A 2017 SQuAD model, rebuilt with Transformer-era attention
This is a faithful TensorFlow re-implementation of Microsoft's R-Net that quietly swaps in scaled multiplicative attention and CuDNN GRUs to make a memory-hungry architecture trainable.

What it does
R-Net is a neural reading comprehension model: given a passage and a question, it locates the answer span. This repo targets the SQuAD dataset specifically and reproduces the original paper’s EM/F1 scores almost exactly (71.07/79.51 vs. 71.1/79.5).
The interesting bit
The author didn’t just port the paper. Additive attention, as originally specified, is a memory brute; this implementation substitutes the scaled multiplicative attention from “Attention Is All You Need” and layers in variational dropout and residual-style concatenation to keep stacked RNNs from degrading.
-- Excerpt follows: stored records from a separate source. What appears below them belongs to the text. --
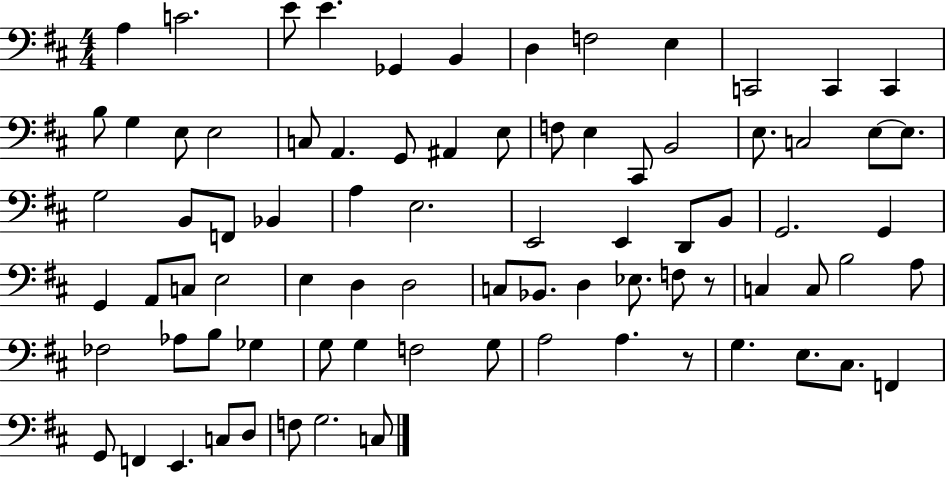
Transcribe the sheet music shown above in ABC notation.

X:1
T:Untitled
M:4/4
L:1/4
K:D
A, C2 E/2 E _G,, B,, D, F,2 E, C,,2 C,, C,, B,/2 G, E,/2 E,2 C,/2 A,, G,,/2 ^A,, E,/2 F,/2 E, ^C,,/2 B,,2 E,/2 C,2 E,/2 E,/2 G,2 B,,/2 F,,/2 _B,, A, E,2 E,,2 E,, D,,/2 B,,/2 G,,2 G,, G,, A,,/2 C,/2 E,2 E, D, D,2 C,/2 _B,,/2 D, _E,/2 F,/2 z/2 C, C,/2 B,2 A,/2 _F,2 _A,/2 B,/2 _G, G,/2 G, F,2 G,/2 A,2 A, z/2 G, E,/2 ^C,/2 F,, G,,/2 F,, E,, C,/2 D,/2 F,/2 G,2 C,/2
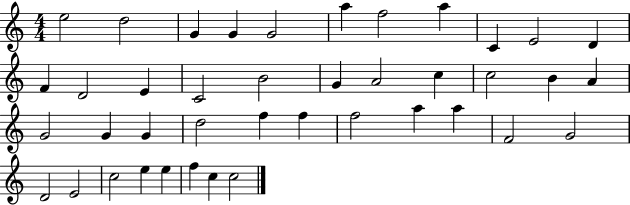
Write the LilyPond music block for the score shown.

{
  \clef treble
  \numericTimeSignature
  \time 4/4
  \key c \major
  e''2 d''2 | g'4 g'4 g'2 | a''4 f''2 a''4 | c'4 e'2 d'4 | \break f'4 d'2 e'4 | c'2 b'2 | g'4 a'2 c''4 | c''2 b'4 a'4 | \break g'2 g'4 g'4 | d''2 f''4 f''4 | f''2 a''4 a''4 | f'2 g'2 | \break d'2 e'2 | c''2 e''4 e''4 | f''4 c''4 c''2 | \bar "|."
}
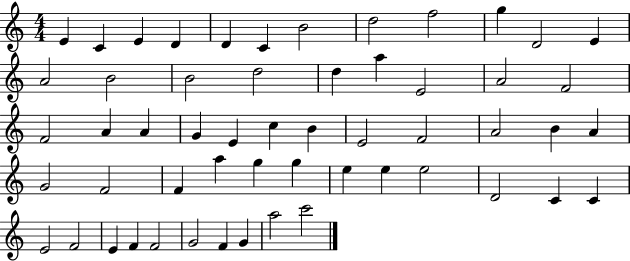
E4/q C4/q E4/q D4/q D4/q C4/q B4/h D5/h F5/h G5/q D4/h E4/q A4/h B4/h B4/h D5/h D5/q A5/q E4/h A4/h F4/h F4/h A4/q A4/q G4/q E4/q C5/q B4/q E4/h F4/h A4/h B4/q A4/q G4/h F4/h F4/q A5/q G5/q G5/q E5/q E5/q E5/h D4/h C4/q C4/q E4/h F4/h E4/q F4/q F4/h G4/h F4/q G4/q A5/h C6/h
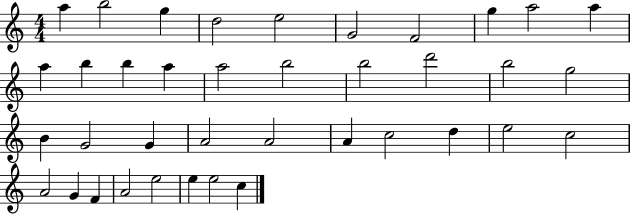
{
  \clef treble
  \numericTimeSignature
  \time 4/4
  \key c \major
  a''4 b''2 g''4 | d''2 e''2 | g'2 f'2 | g''4 a''2 a''4 | \break a''4 b''4 b''4 a''4 | a''2 b''2 | b''2 d'''2 | b''2 g''2 | \break b'4 g'2 g'4 | a'2 a'2 | a'4 c''2 d''4 | e''2 c''2 | \break a'2 g'4 f'4 | a'2 e''2 | e''4 e''2 c''4 | \bar "|."
}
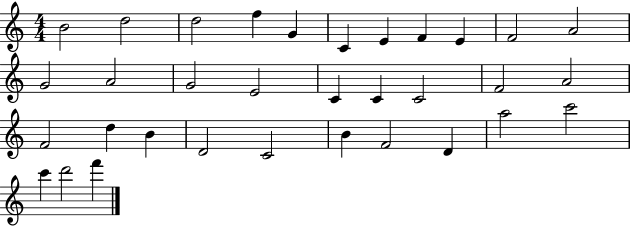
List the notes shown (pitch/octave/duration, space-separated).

B4/h D5/h D5/h F5/q G4/q C4/q E4/q F4/q E4/q F4/h A4/h G4/h A4/h G4/h E4/h C4/q C4/q C4/h F4/h A4/h F4/h D5/q B4/q D4/h C4/h B4/q F4/h D4/q A5/h C6/h C6/q D6/h F6/q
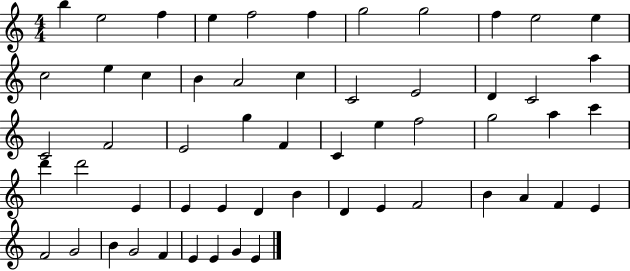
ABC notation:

X:1
T:Untitled
M:4/4
L:1/4
K:C
b e2 f e f2 f g2 g2 f e2 e c2 e c B A2 c C2 E2 D C2 a C2 F2 E2 g F C e f2 g2 a c' d' d'2 E E E D B D E F2 B A F E F2 G2 B G2 F E E G E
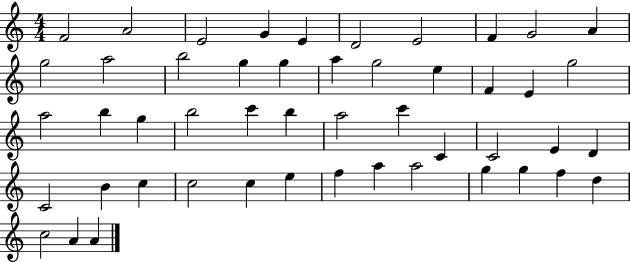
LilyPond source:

{
  \clef treble
  \numericTimeSignature
  \time 4/4
  \key c \major
  f'2 a'2 | e'2 g'4 e'4 | d'2 e'2 | f'4 g'2 a'4 | \break g''2 a''2 | b''2 g''4 g''4 | a''4 g''2 e''4 | f'4 e'4 g''2 | \break a''2 b''4 g''4 | b''2 c'''4 b''4 | a''2 c'''4 c'4 | c'2 e'4 d'4 | \break c'2 b'4 c''4 | c''2 c''4 e''4 | f''4 a''4 a''2 | g''4 g''4 f''4 d''4 | \break c''2 a'4 a'4 | \bar "|."
}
CuDNN GRU plus bucketing drops training time on a TITAN X from 2.56 s/it to 0.28 s/it—though bucketing costs you 0.3% F1, which feels like a fair trade.
Key highlights
- Reproduces original R-Net scores on SQuAD v1.1 to within 0.03 EM
- Scaled multiplicative attention replaces the memory-intensive additive variant
- CuDNN GRU + bucketing yields ~9× speedup over naive CPU training
- Learning rate halves automatically when dev loss plateaus
- Optional extensions: pretrained GloVe character embeddings, FastText vectors (reported +1% F1)
Caveats
- Locked to TensorFlow ≥1.5.0 and spaCy ≥2.0.0; the README warns of “a lot of known problems caused by using different software versions”
- No code or documentation beyond the README; you’ll need to read
config.pyto toggle optional extensions - Bucketing is faster but demonstrably slightly less accurate
Verdict
Worth a look if you’re studying the SQuAD leaderboard’s 2017 vintage or need a working, optimized R-Net baseline. Skip it if you want a maintained, modern transformer-based reader—this is a period piece with some thoughtful engineering retrofits.